• _WORK REQUIRED_
Look below for the line that contains "accidente de Deutsch" and the line that contains "Snapshot of liam_walk", then restate both of them and every line in between, exactly. No picture goes in the copy.

• _DATA SUPPLIED_

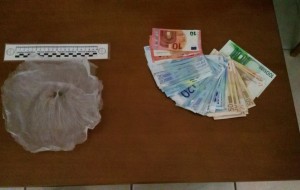 Per evitare l’arresto ingoia eroina: burrascosa cattura di tre spacciatori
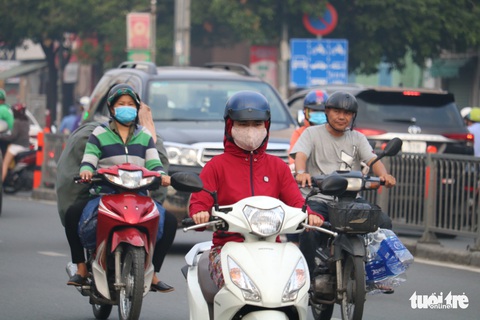 TP.HCM tù mù từ sáng đến trưa, ứng dụng môi trường cảnh báo nguy hại - Ảnh 5. TP.HCM tù mù từ sáng đến trưa, ứng dụng môi trường cảnh báo nguy hại - Ảnh 5.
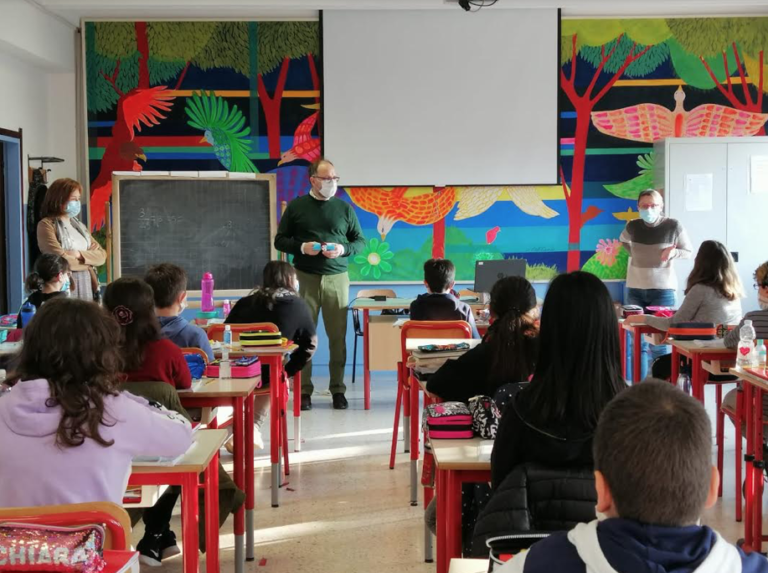 Asti, il sindaco in visita agli studenti della scuola Ferraris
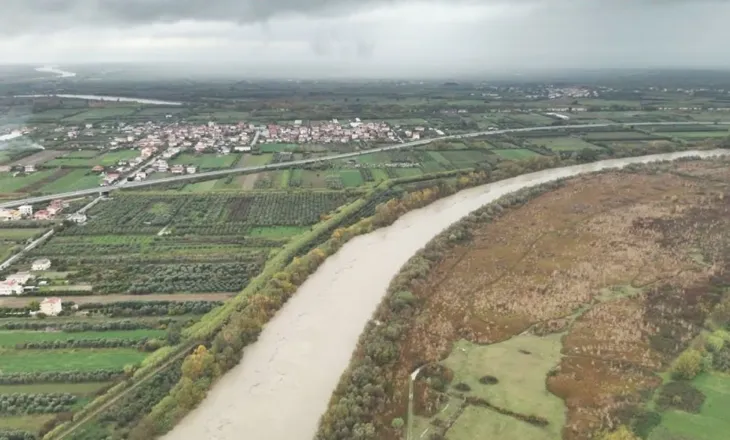 Lumi Vjosa në pikën kritike, rrezikon daljen nga shtrati, mund të preken disa fshatra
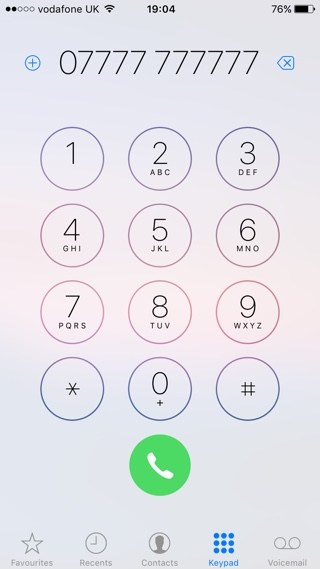A continuación se indica cómo volver a marcar rápidamente un número en la aplicación Teléfono del iPhone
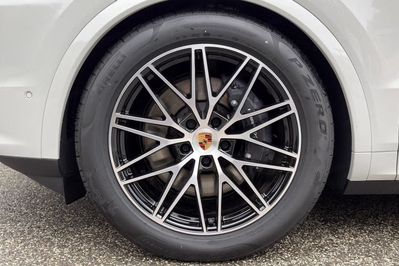 Porsche Cayenne Coupe Black Edition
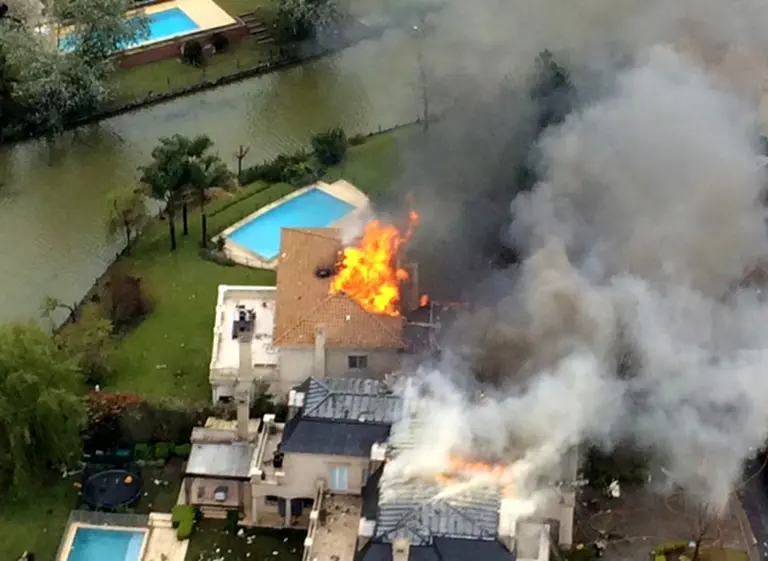 "No vení­a volando bajo; cayó en picada", contó un testigo que vio el accidente de Deutsch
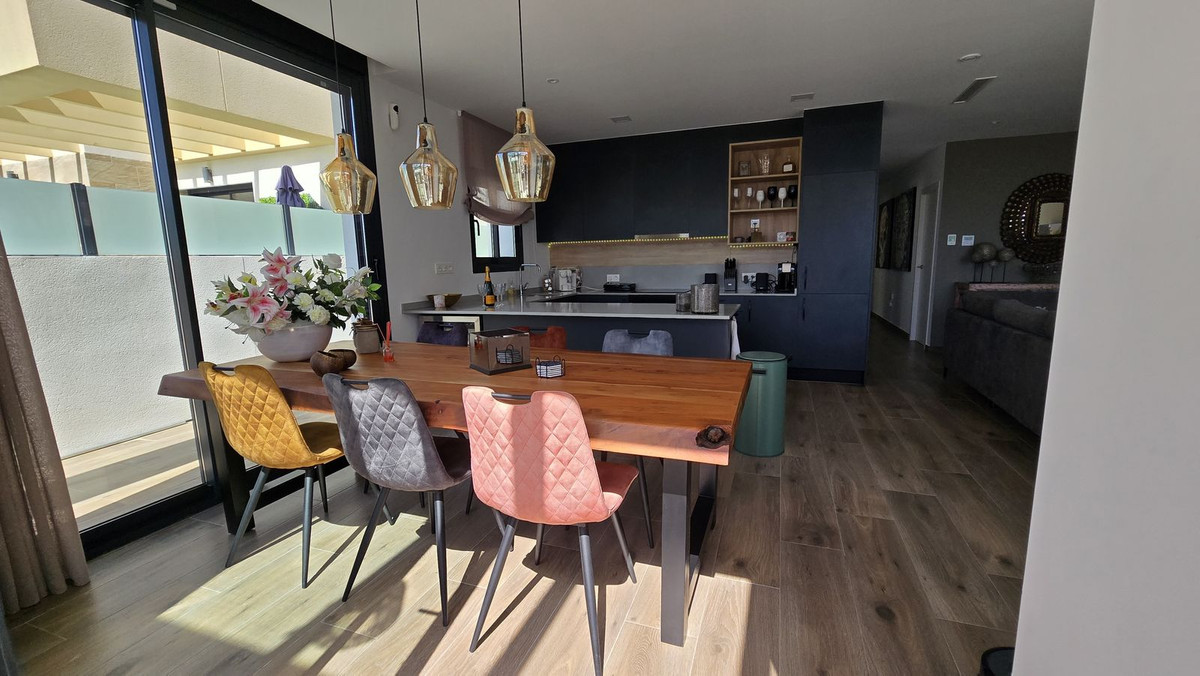 ShowFeedImage House – Detached Villa in Los Montesinos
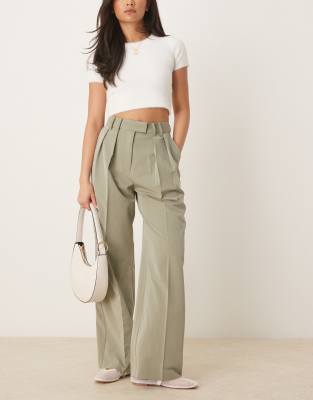 ASOS DESIGN - Elegante Hose in Khaki mit weitem Bein und Bundfalten-Grün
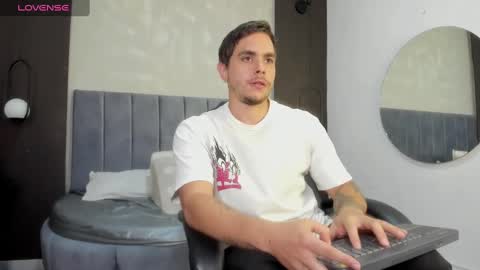 Snapshot of liam_walk chatting on 03.12.25 Liam online show from 03.12.25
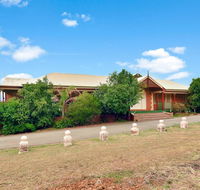 King III - you can honestly walk to Bimbadgen and Hope Estate concerts - Hervey Bay Accommodation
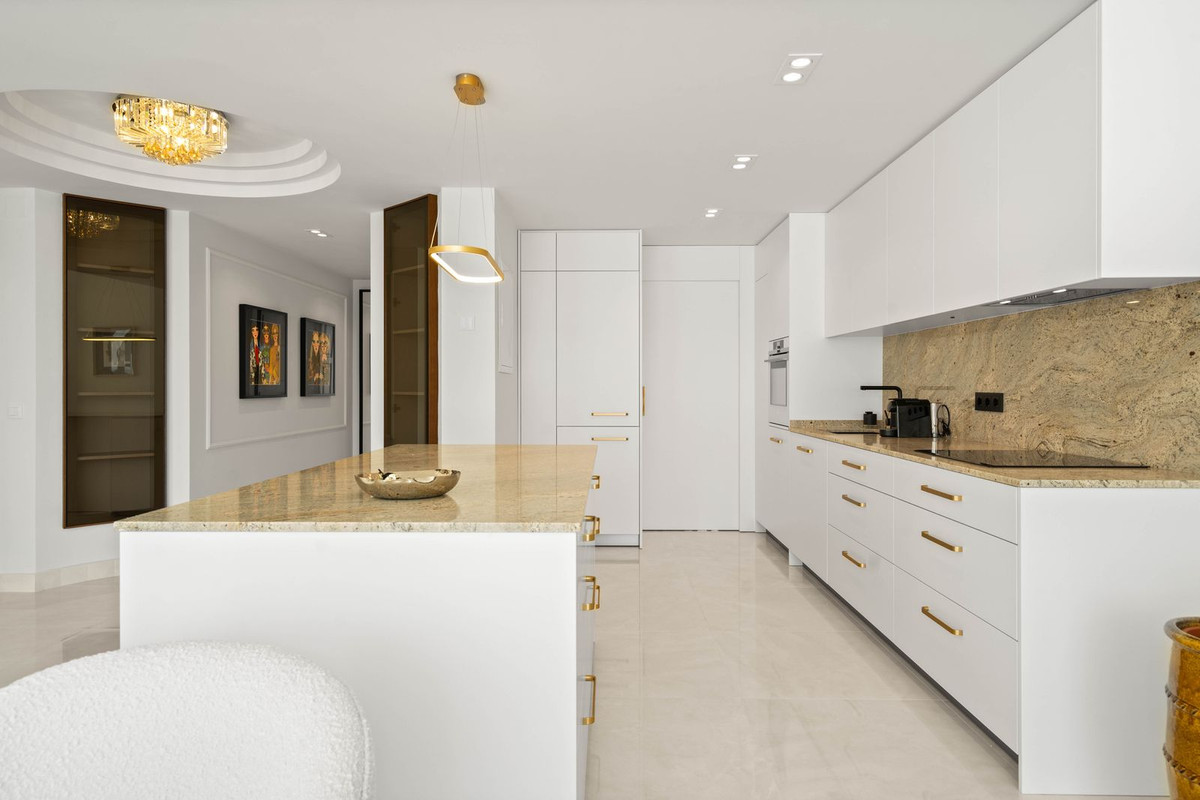 Tussenverdieping Appartement in New Golden Mile-6
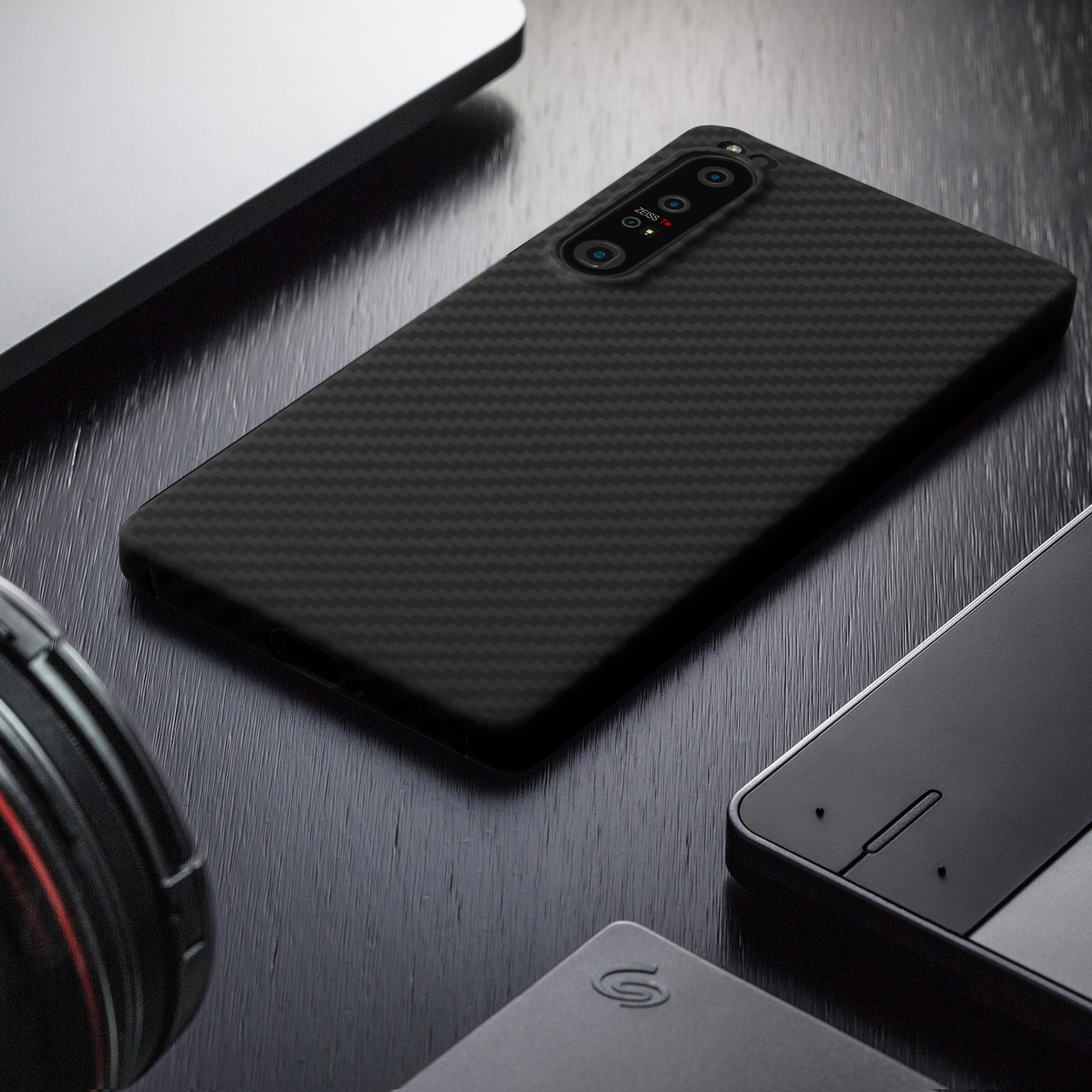Aramidový kryt kwmobile - Sony Xperia 1 IV - černá matná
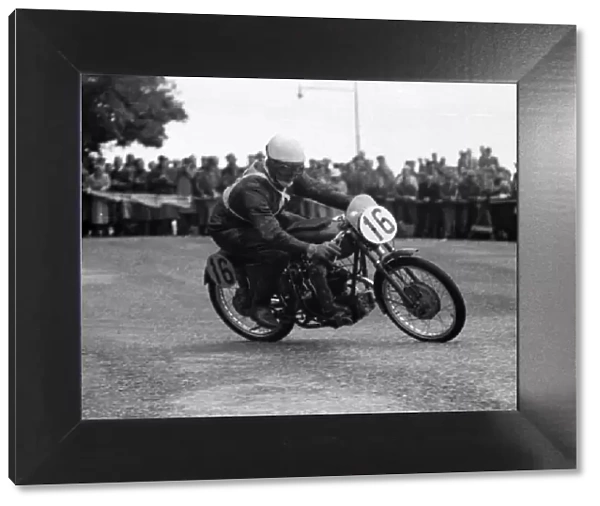 Bill Maddrick (MV) 1955 Ultra Lightweight TT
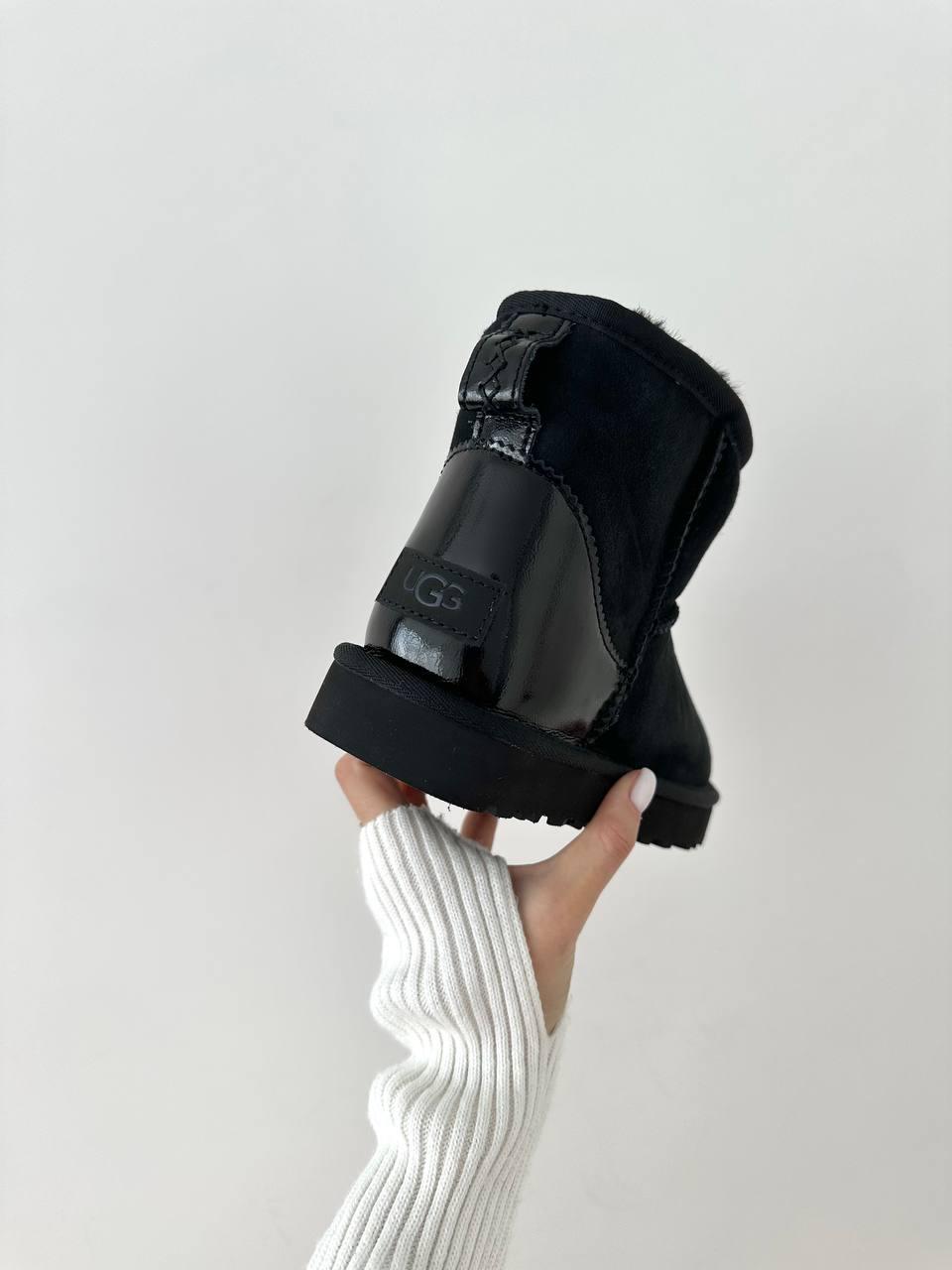 Ugg Classic Mini Black LACQUER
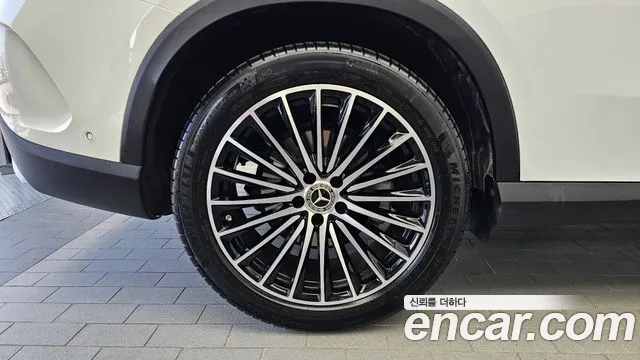 Mercedes-Benz GLC 2026 thumb 5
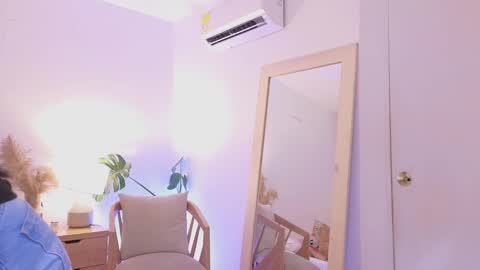 Megan online show from 02-13-25, 07:52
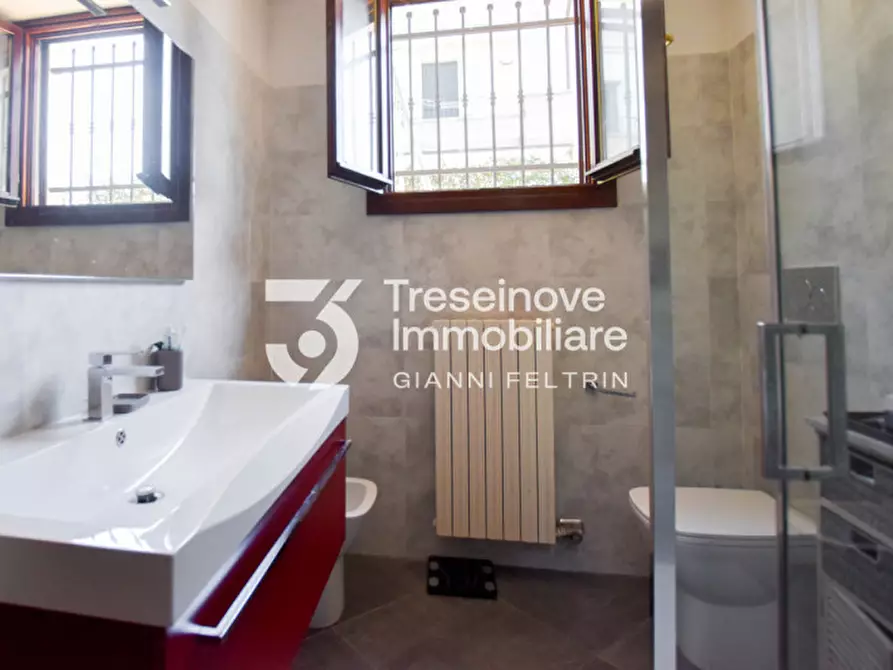 Immagine 16 di Casa indipendente in vendita  in Via Divisione Cadore a Paese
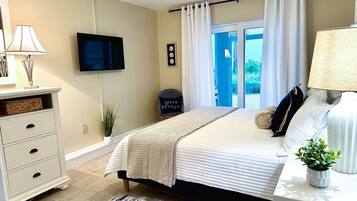 2 bedrooms, desk, iron/ironing board, travel crib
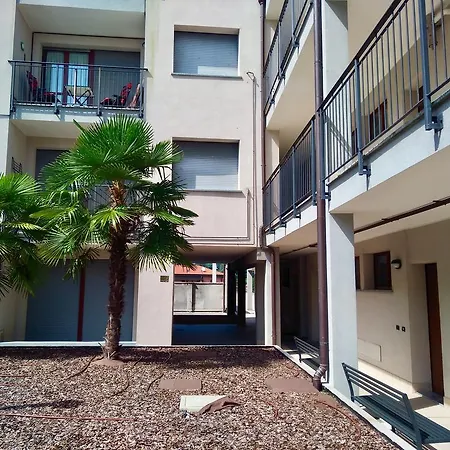 7 Lake Sweet Home San Siro  Exterior foto
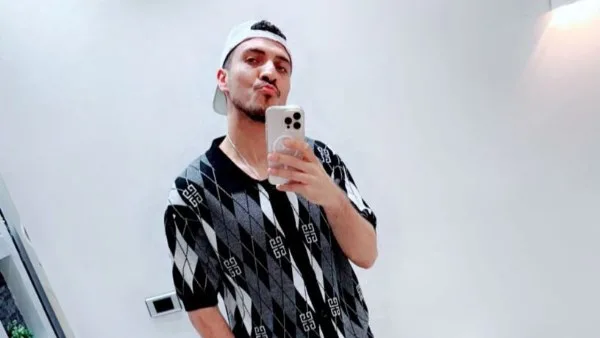 أمير هشام: شريف قد أتم توقيع عقود انتقاله إلى الأهلي بشكل رسمي أمير هشام: شريف قد أتم توقيع عقود انتقاله إلى الأهلي بشكل رسمي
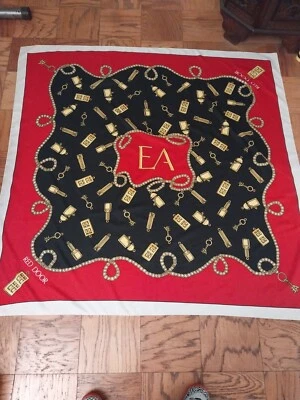 Красный шарф - Elizabeth Arden - красная дверь - черный и золотой дизайн - 54 X 54 дюйма - Изображение 1 из 4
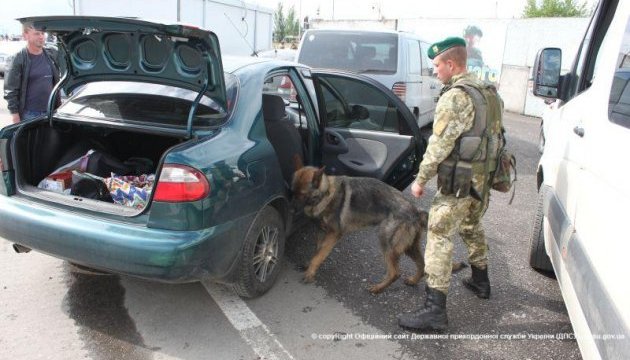 На КПП Донеччини службовий пес затримав товару на 70 тисяч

• _TASK SOLUTION_
 "No vení­a volando bajo; cayó en picada", contó un testigo que vio el accidente de Deutsch
 ShowFeedImage House – Detached Villa in Los Montesinos
 ASOS DESIGN - Elegante Hose in Khaki mit weitem Bein und Bundfalten-Grün
 Snapshot of liam_walk chatting on 03.12.25 Liam online show from 03.12.25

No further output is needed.